# What needs to be done
Taking only the lines of the data below from the line with "ATLANTA UNITED FC" to the line with "Мужская футболка 3D", ends included, write them out exactly and without pictures.

# Task data

^^^^^^^^^^^^^^^^

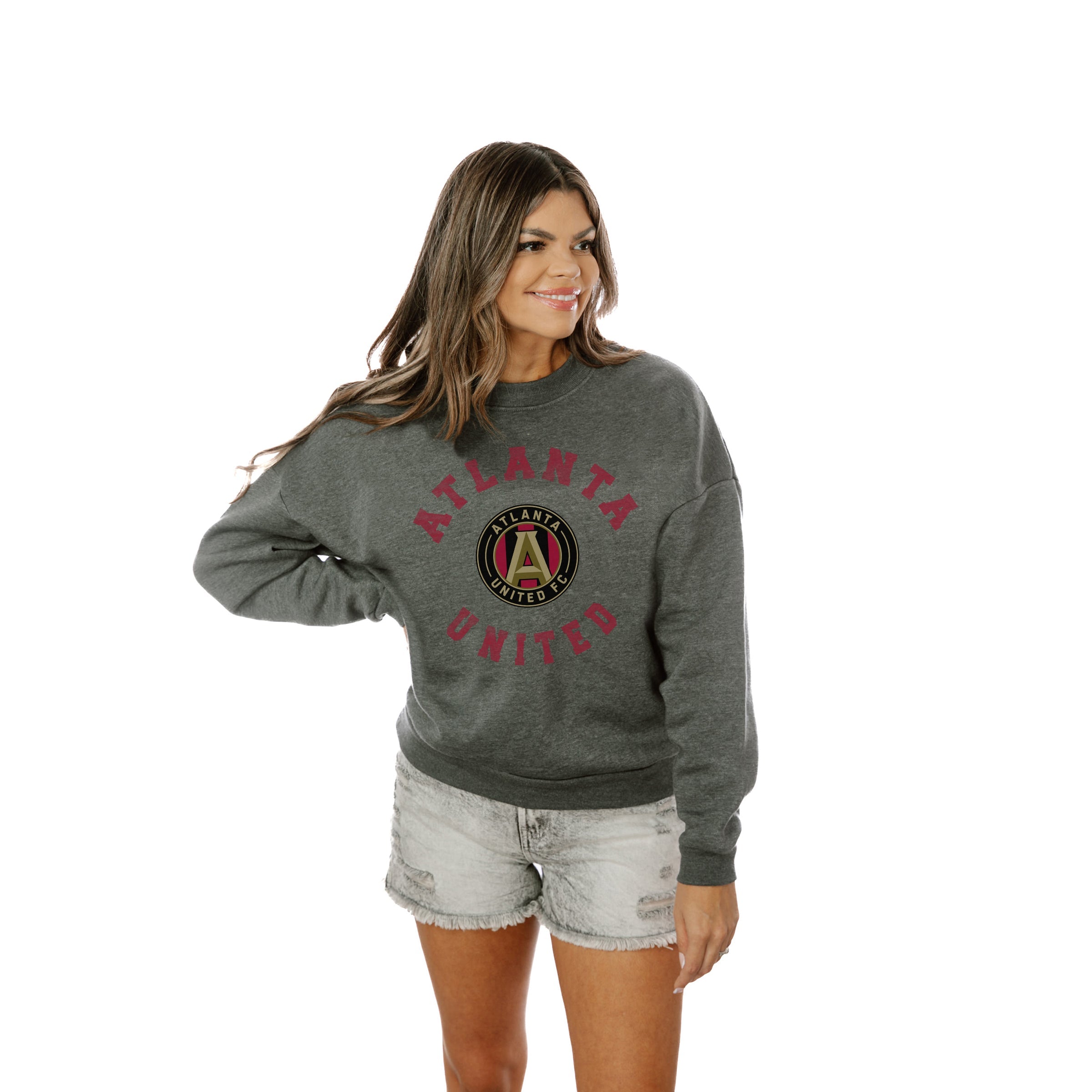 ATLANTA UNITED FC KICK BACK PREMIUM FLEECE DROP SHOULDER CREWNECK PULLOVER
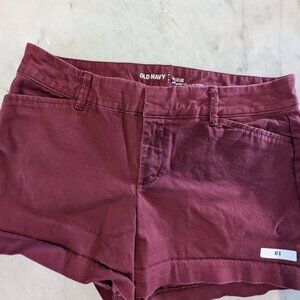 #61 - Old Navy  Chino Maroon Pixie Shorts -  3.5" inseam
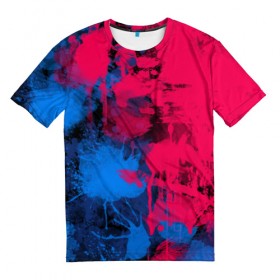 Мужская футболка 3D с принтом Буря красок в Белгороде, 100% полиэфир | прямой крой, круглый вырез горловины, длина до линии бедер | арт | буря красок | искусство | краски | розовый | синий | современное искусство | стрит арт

^^^^^^^^^^^^^^^^

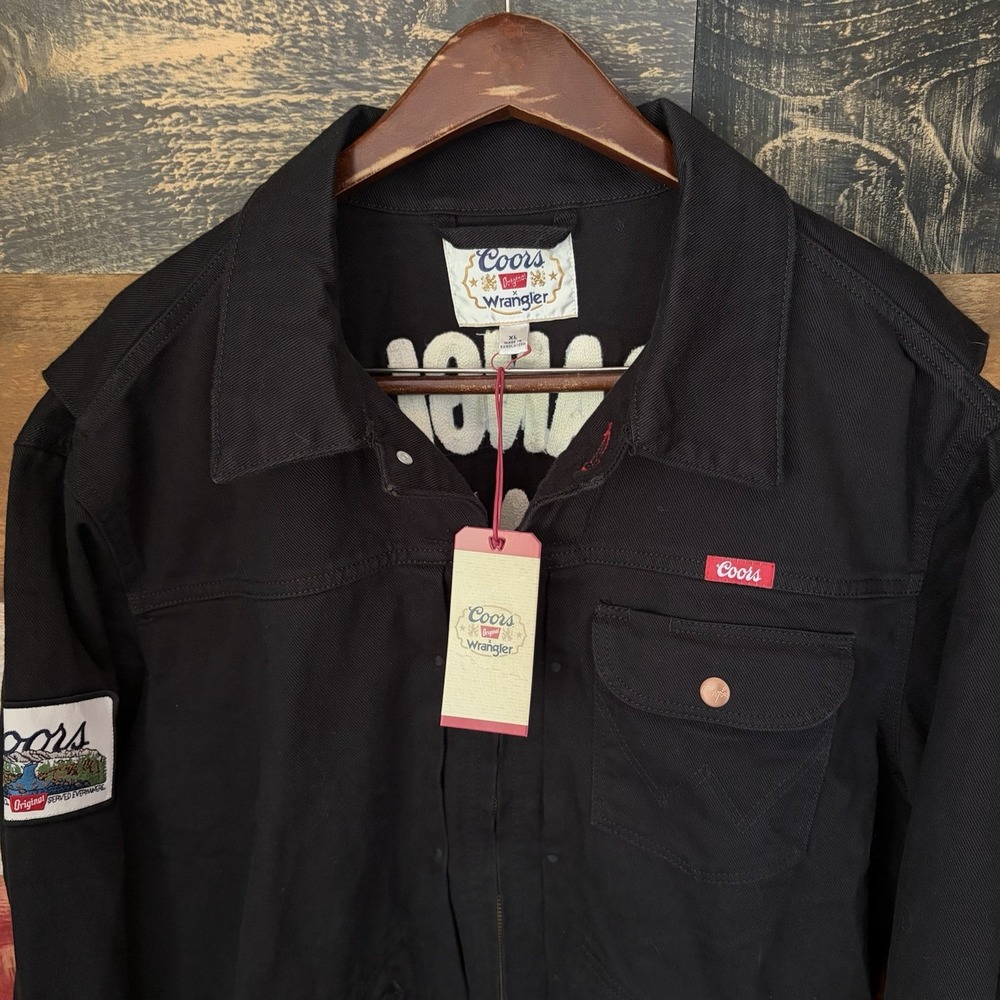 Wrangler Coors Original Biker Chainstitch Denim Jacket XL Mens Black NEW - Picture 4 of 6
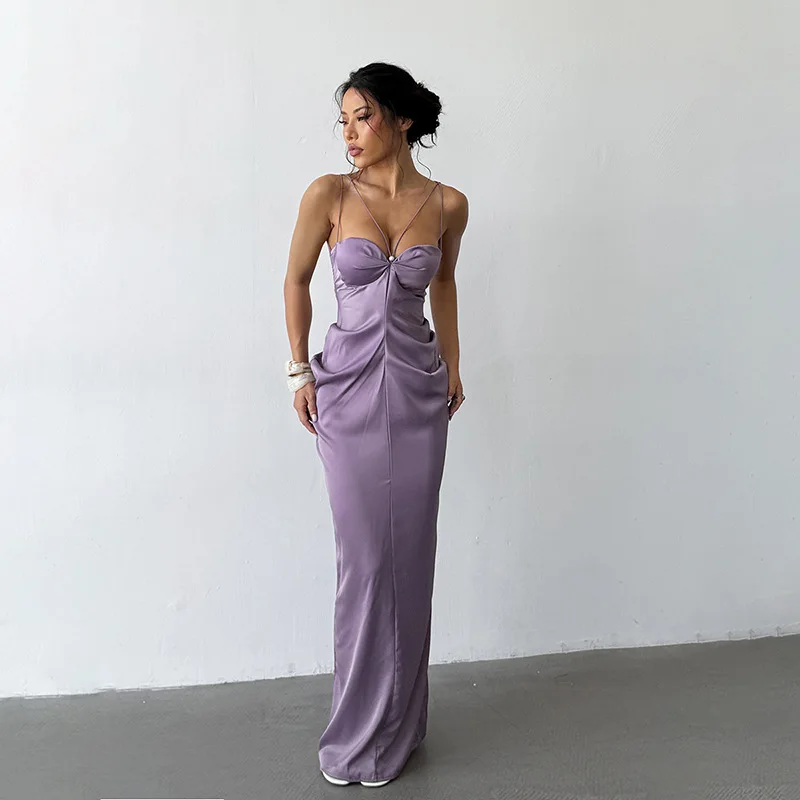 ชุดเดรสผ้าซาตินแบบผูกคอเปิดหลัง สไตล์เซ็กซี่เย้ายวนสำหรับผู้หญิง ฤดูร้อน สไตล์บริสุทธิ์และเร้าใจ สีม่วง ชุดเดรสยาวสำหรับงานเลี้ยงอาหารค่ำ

^^^^^^^^^^^^^^^^

# Answer to the problem
 ATLANTA UNITED FC KICK BACK PREMIUM FLEECE DROP SHOULDER CREWNECK PULLOVER
 #61 - Old Navy  Chino Maroon Pixie Shorts -  3.5" inseam
 Мужская футболка 3D с принтом Буря красок в Белгороде, 100% полиэфир | прямой крой, круглый вырез горловины, длина до линии бедер | арт | буря красок | искусство | краски | розовый | синий | современное искусство | стрит арт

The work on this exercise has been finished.